- _Problem statement_: All of the data needs to be repeated exactly.

Crawled caption data
====================

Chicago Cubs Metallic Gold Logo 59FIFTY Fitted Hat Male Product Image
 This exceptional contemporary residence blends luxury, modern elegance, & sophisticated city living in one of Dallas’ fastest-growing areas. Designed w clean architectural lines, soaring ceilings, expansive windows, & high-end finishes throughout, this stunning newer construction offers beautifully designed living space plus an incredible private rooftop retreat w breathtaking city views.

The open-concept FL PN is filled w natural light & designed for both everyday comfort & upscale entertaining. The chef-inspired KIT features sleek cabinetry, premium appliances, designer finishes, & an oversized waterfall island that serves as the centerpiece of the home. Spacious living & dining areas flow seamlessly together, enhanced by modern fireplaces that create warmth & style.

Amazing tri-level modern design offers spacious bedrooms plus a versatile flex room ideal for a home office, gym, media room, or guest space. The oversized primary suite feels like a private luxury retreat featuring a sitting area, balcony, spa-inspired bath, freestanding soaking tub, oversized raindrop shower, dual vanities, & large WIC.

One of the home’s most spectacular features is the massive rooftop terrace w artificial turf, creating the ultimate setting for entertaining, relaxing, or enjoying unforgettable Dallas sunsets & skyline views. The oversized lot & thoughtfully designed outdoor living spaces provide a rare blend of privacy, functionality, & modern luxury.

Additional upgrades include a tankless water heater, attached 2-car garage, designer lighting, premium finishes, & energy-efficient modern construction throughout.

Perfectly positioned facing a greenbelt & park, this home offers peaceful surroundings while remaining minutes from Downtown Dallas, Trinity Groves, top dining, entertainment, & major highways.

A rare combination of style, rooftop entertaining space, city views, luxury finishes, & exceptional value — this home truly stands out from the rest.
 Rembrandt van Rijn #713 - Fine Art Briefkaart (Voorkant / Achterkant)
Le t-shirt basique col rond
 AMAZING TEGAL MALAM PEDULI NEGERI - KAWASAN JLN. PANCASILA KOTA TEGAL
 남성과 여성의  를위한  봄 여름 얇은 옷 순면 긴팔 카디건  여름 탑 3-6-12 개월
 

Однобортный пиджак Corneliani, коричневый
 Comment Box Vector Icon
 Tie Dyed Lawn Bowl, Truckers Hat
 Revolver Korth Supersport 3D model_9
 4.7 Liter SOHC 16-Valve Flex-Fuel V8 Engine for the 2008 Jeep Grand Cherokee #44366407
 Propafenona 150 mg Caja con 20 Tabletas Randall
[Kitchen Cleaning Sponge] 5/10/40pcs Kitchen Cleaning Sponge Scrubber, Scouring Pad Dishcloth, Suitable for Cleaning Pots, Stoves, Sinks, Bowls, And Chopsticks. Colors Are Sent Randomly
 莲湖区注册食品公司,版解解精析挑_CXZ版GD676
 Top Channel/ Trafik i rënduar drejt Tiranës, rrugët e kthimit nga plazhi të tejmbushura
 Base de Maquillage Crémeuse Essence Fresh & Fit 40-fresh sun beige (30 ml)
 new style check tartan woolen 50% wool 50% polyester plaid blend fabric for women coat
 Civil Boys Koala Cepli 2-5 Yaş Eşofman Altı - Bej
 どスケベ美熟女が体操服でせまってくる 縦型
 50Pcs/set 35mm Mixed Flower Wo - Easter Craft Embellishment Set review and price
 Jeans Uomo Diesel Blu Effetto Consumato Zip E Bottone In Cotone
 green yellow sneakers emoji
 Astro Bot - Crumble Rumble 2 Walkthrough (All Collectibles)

====================

- _Answer space_:
Chicago Cubs Metallic Gold Logo 59FIFTY Fitted Hat Male Product Image
 This exceptional contemporary residence blends luxury, modern elegance, & sophisticated city living in one of Dallas’ fastest-growing areas. Designed w clean architectural lines, soaring ceilings, expansive windows, & high-end finishes throughout, this stunning newer construction offers beautifully designed living space plus an incredible private rooftop retreat w breathtaking city views.

The open-concept FL PN is filled w natural light & designed for both everyday comfort & upscale entertaining. The chef-inspired KIT features sleek cabinetry, premium appliances, designer finishes, & an oversized waterfall island that serves as the centerpiece of the home. Spacious living & dining areas flow seamlessly together, enhanced by modern fireplaces that create warmth & style.

Amazing tri-level modern design offers spacious bedrooms plus a versatile flex room ideal for a home office, gym, media room, or guest space. The oversized primary suite feels like a private luxury retreat featuring a sitting area, balcony, spa-inspired bath, freestanding soaking tub, oversized raindrop shower, dual vanities, & large WIC.

One of the home’s most spectacular features is the massive rooftop terrace w artificial turf, creating the ultimate setting for entertaining, relaxing, or enjoying unforgettable Dallas sunsets & skyline views. The oversized lot & thoughtfully designed outdoor living spaces provide a rare blend of privacy, functionality, & modern luxury.

Additional upgrades include a tankless water heater, attached 2-car garage, designer lighting, premium finishes, & energy-efficient modern construction throughout.

Perfectly positioned facing a greenbelt & park, this home offers peaceful surroundings while remaining minutes from Downtown Dallas, Trinity Groves, top dining, entertainment, & major highways.

A rare combination of style, rooftop entertaining space, city views, luxury finishes, & exceptional value — this home truly stands out from the rest.
 Rembrandt van Rijn #713 - Fine Art Briefkaart (Voorkant / Achterkant)
Le t-shirt basique col rond
 AMAZING TEGAL MALAM PEDULI NEGERI - KAWASAN JLN. PANCASILA KOTA TEGAL
 남성과 여성의  를위한  봄 여름 얇은 옷 순면 긴팔 카디건  여름 탑 3-6-12 개월
 

Однобортный пиджак Corneliani, коричневый
 Comment Box Vector Icon
 Tie Dyed Lawn Bowl, Truckers Hat
 Revolver Korth Supersport 3D model_9
 4.7 Liter SOHC 16-Valve Flex-Fuel V8 Engine for the 2008 Jeep Grand Cherokee #44366407
 Propafenona 150 mg Caja con 20 Tabletas Randall
[Kitchen Cleaning Sponge] 5/10/40pcs Kitchen Cleaning Sponge Scrubber, Scouring Pad Dishcloth, Suitable for Cleaning Pots, Stoves, Sinks, Bowls, And Chopsticks. Colors Are Sent Randomly
 莲湖区注册食品公司,版解解精析挑_CXZ版GD676
 Top Channel/ Trafik i rënduar drejt Tiranës, rrugët e kthimit nga plazhi të tejmbushura
 Base de Maquillage Crémeuse Essence Fresh & Fit 40-fresh sun beige (30 ml)
 new style check tartan woolen 50% wool 50% polyester plaid blend fabric for women coat
 Civil Boys Koala Cepli 2-5 Yaş Eşofman Altı - Bej
 どスケベ美熟女が体操服でせまってくる 縦型
 50Pcs/set 35mm Mixed Flower Wo - Easter Craft Embellishment Set review and price
 Jeans Uomo Diesel Blu Effetto Consumato Zip E Bottone In Cotone
 green yellow sneakers emoji
 Astro Bot - Crumble Rumble 2 Walkthrough (All Collectibles)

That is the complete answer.